Figure 2 illustrates the process of skyrmion creation through the application of a series of current pulses with varying pulse widths and current densities in the x-direction. Initially, as shown in Fig. 2b, we obtained a conical state shown by uniform Fresnel contrasts at B = − 70 mT. Subsequently, upon applying current pulses with a duration of 20 ns and a density of 8.19 × 10¹⁰ A/m², skyrmion clusters were generated after several pulses (Fig. 2c). As the number of pulses increased, the skyrmion clusters gradually merged to form the skyrmion lattice, as depicted in Fig. 2d. Figure 2e shows the effect of the current pulse number on the skyrmion creation under a current density j ∼ 8.42 × 10¹⁰ A/m². Initially, the number N_s of skyrmions exhibits a positive linear relationship with the number of pulses N_p. After approximately the application of 43 pulsed currents, skyrmions covered most regions of the sample, with a total count of N_s ~ 1830. Subsequently, the number of skyrmions almost keeps a balance around ~ 1830, which is defined as the maximum skyrmion number N_s-max, despite the further application of more pulsed currents (see Supplementary Fig. 3 for details). Figure 2f shows the dependence of skyrmion maximum numbers (N_s-max) on the current density when the pulse width was set to 20 ns. Firstly, as the current density increases, the number of skyrmions rises until it reaches a maximum value. However, once the current density exceeds a certain threshold, the current density no longer rises, as excessively high current densities could damage the sample^30,43. Figure 2g displays the effect of pulse width on the critical current densities and directions. Despite the opposite current directions, the difference in critical current density is relatively small under the same pulse width.
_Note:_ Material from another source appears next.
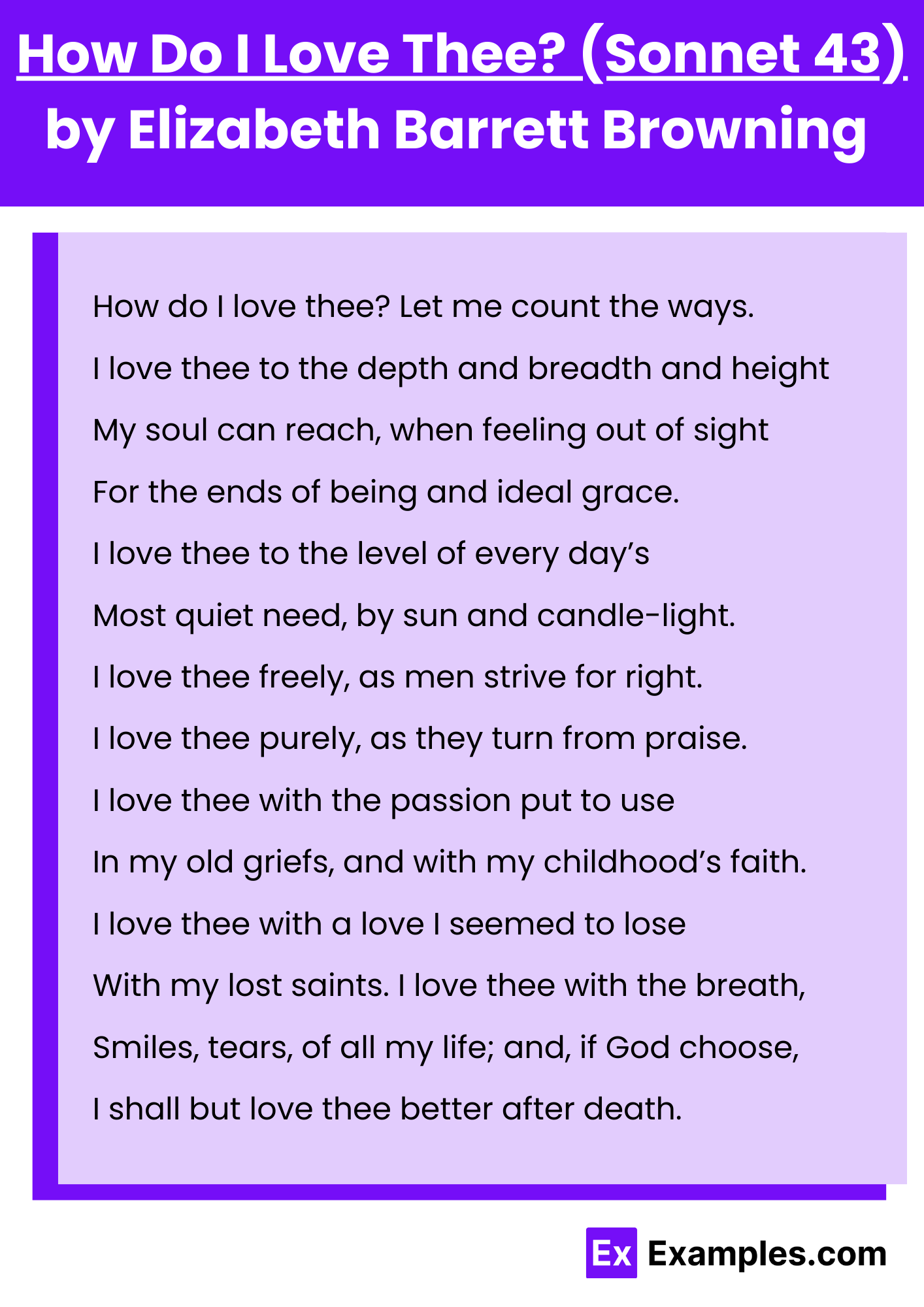 How Do I Love Thee (Sonnet 43) by Elizabeth Barrett Browning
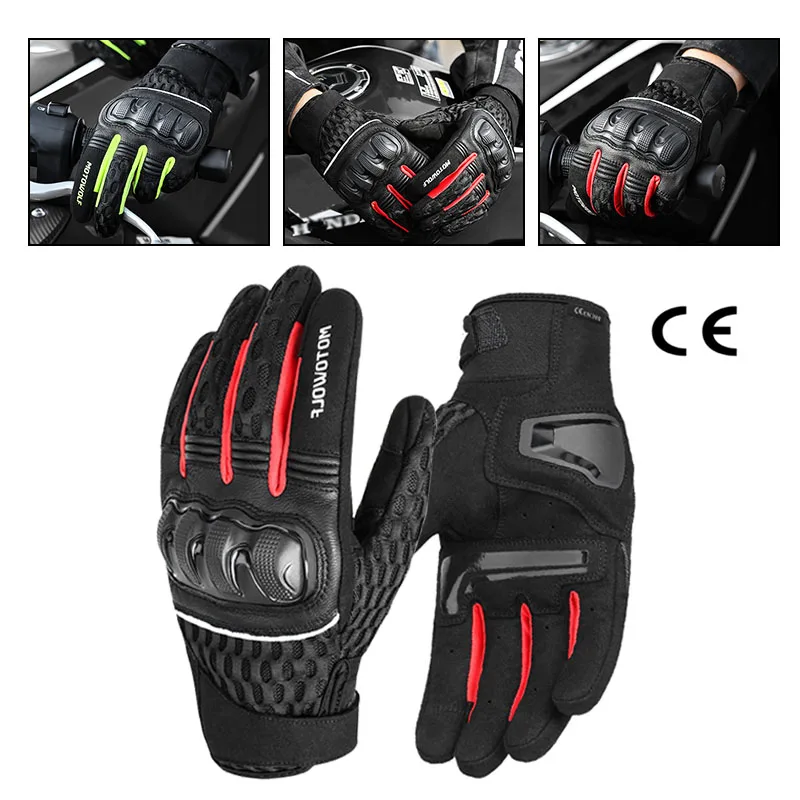 

Motorcycle Gloves Leather CE Approved anti-drop Gloves 오토바이 장갑 Winter&Summer Gloves Motocross Protective Riding Gloves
Skyrmions are first created at the edge of the sample and then pushed into the center⁴⁴. This creation process can be understood by the combined current effect of spin transfer torque and Joule thermal heating^23,45,46, as shown in Supplementary Movie 2. Because the current density is inversely proportional to the thickness, skyrmions are first created at the thin region because of larger temperature increases induced by the current. Then, the spin transfer torque could drive skyrmions nucleated in the thin region to the thick region. A previous study has shown the current-driven skyrmion-to-bobber transformations in stepped geometry⁴⁷. However, magnetic bobbers are not observed in our experiments (Supplementary Movie 2). The step edge between thin and thick regions in realistic experiments cannot be very sharp. Our simulations show that a slight continuous deformation of the step edge can lead to the transformation of short skyrmion tubes in a thin region to long tubes in a thick region (Supplementary Movie 3), which explains the expansion of skyrmions from the thin region to the thick region.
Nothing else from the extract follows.